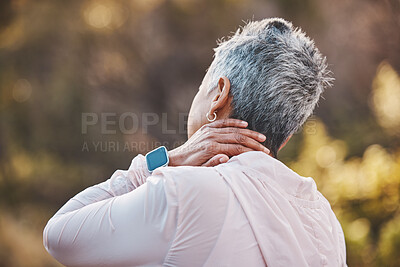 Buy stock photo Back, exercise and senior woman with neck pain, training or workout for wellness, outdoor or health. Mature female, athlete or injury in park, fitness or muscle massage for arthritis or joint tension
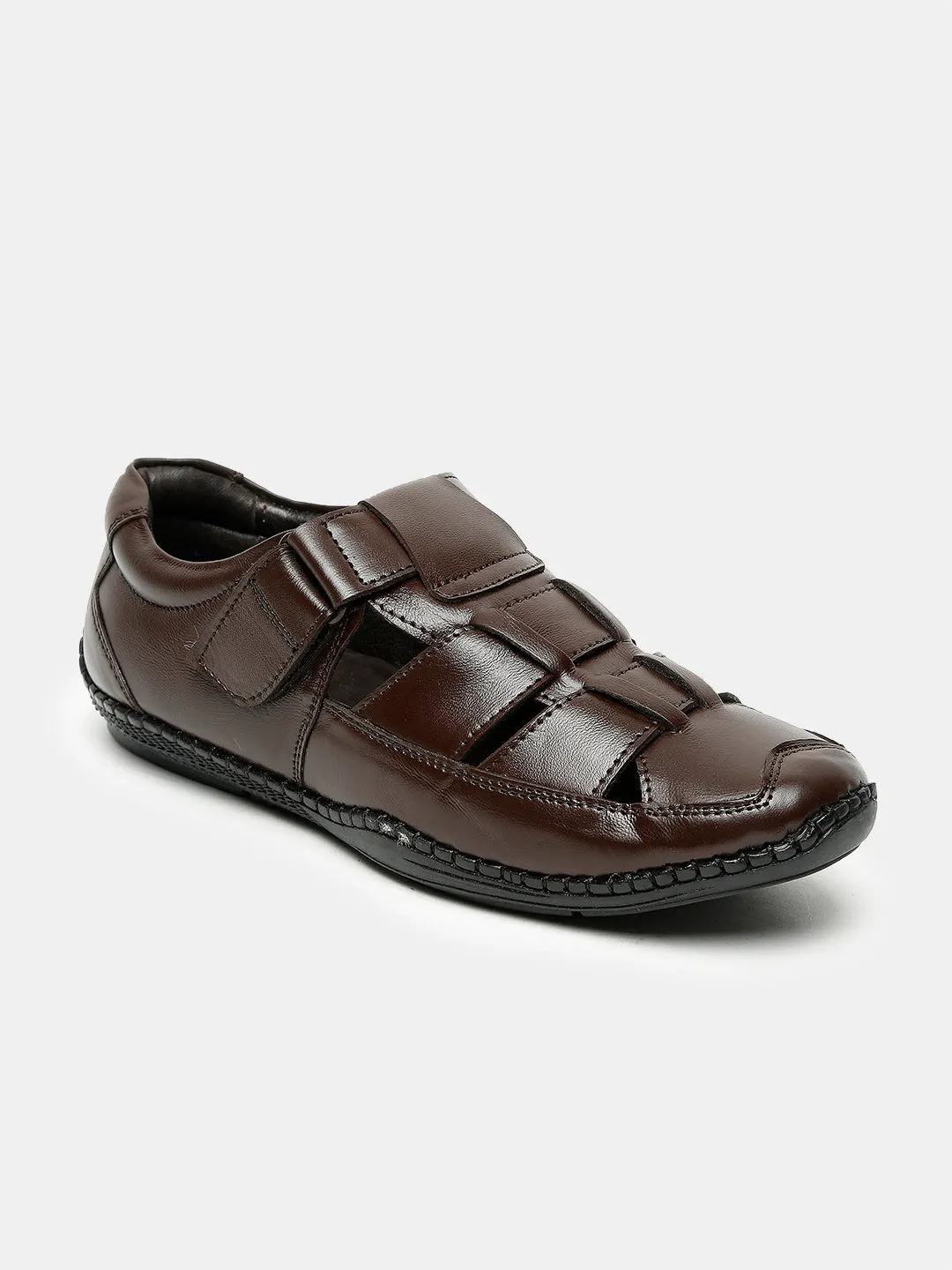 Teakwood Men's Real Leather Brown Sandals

* * *

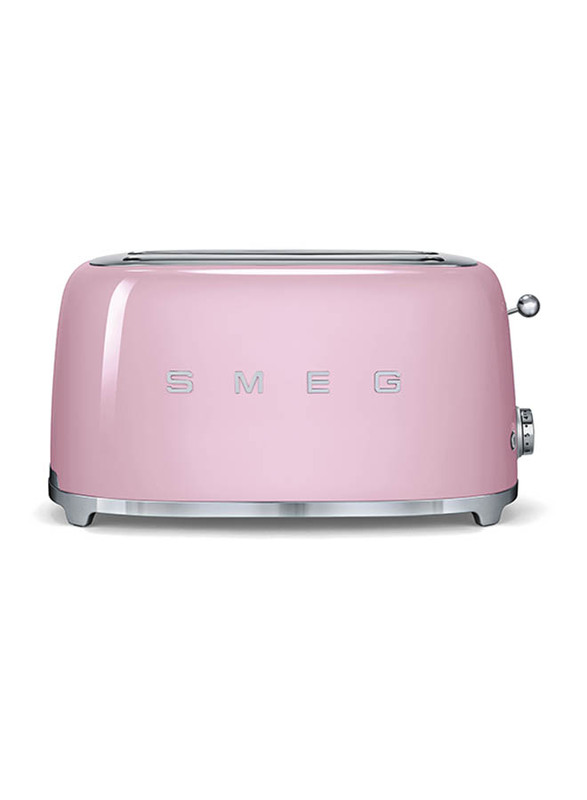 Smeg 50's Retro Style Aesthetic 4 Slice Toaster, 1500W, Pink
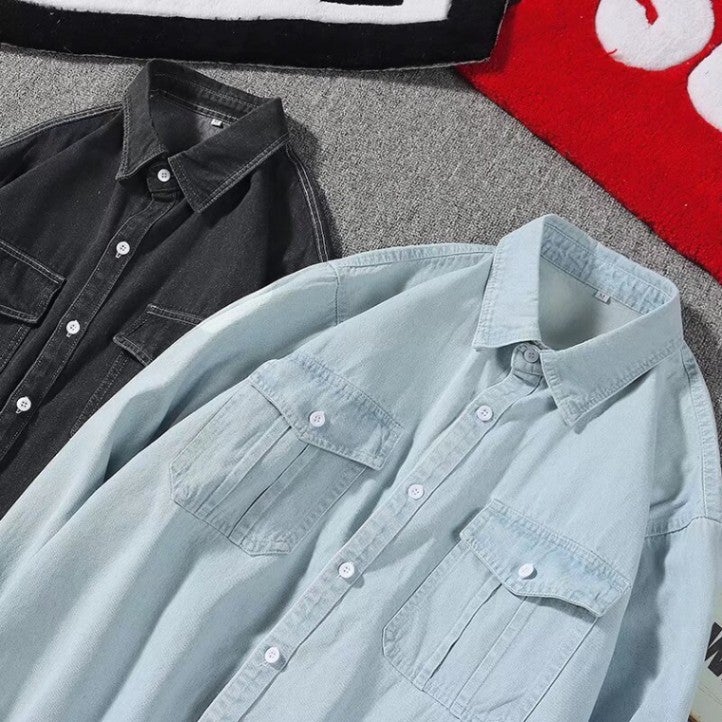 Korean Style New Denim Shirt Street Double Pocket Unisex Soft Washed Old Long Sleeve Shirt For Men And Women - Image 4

==

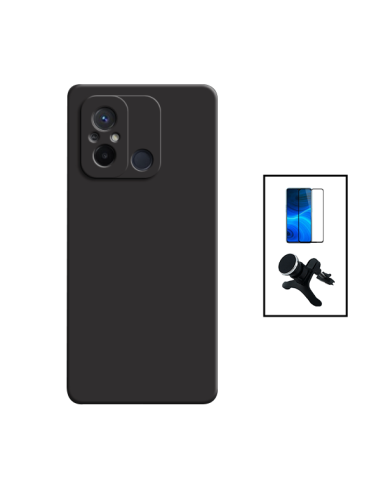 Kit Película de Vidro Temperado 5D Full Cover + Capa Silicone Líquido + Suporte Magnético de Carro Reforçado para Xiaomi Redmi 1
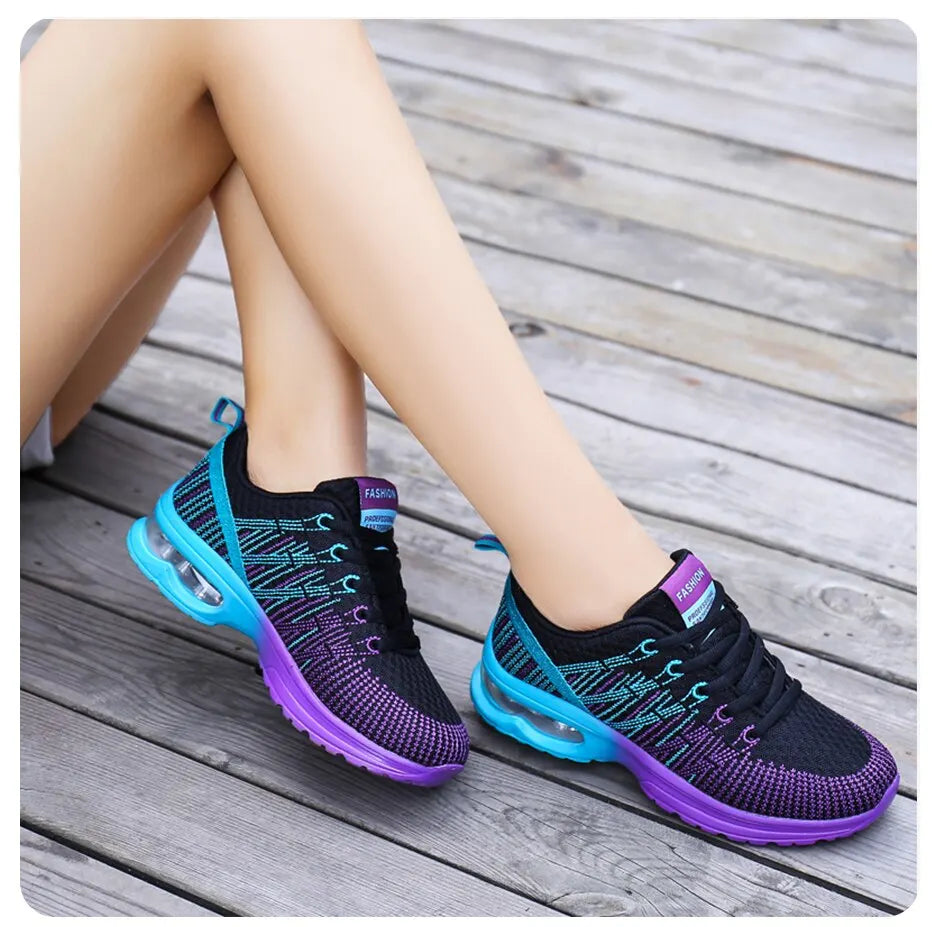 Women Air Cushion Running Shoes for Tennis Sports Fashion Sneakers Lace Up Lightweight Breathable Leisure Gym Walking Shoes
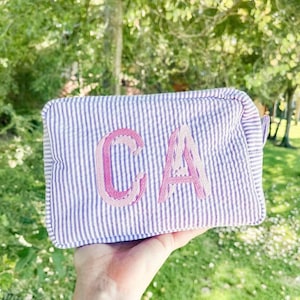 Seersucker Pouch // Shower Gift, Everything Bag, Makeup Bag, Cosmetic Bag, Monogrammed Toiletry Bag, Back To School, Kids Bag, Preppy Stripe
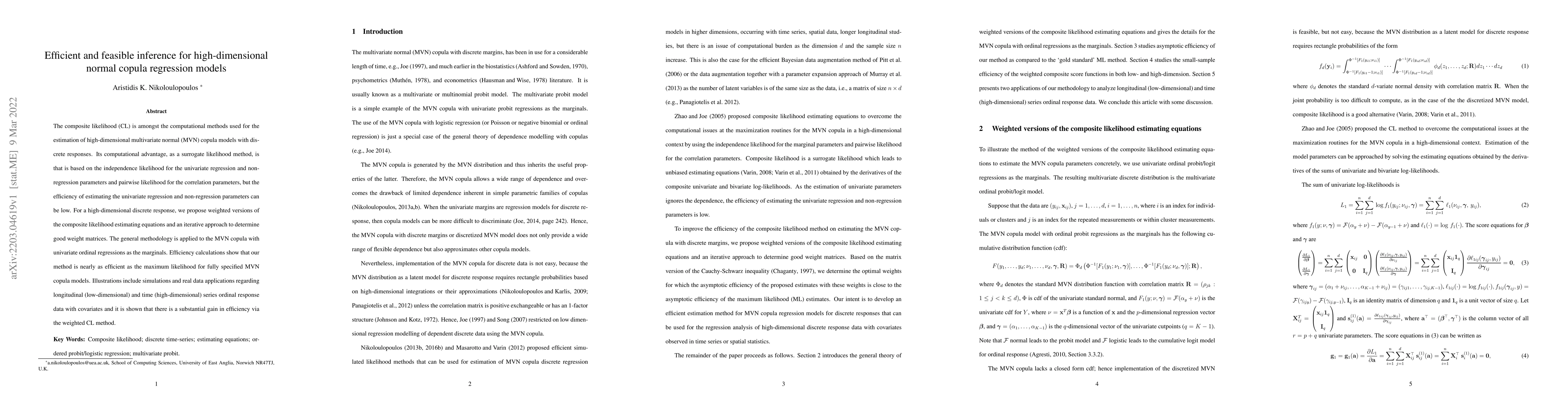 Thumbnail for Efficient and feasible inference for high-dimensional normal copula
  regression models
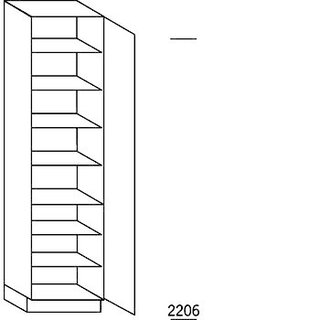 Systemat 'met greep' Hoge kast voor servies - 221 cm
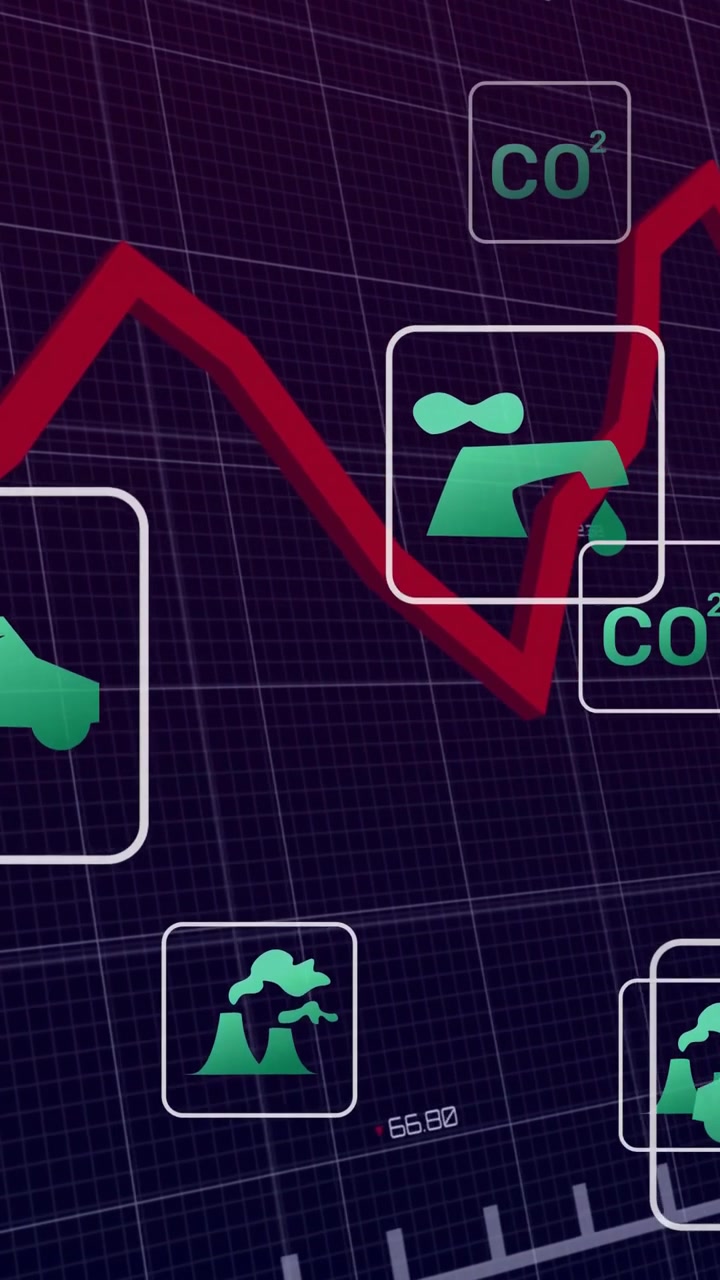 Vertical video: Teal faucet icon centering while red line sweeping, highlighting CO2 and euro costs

● **Task item**:
From the records above, quote word for word only the lines beginning at the line that has "Buy stock photo" and stopping after the line that has "Teakwood Men's Real Leather Brown Sandals". Omit the pictures.

● **Response below**:
 Buy stock photo Back, exercise and senior woman with neck pain, training or workout for wellness, outdoor or health. Mature female, athlete or injury in park, fitness or muscle massage for arthritis or joint tension
 Teakwood Men's Real Leather Brown Sandals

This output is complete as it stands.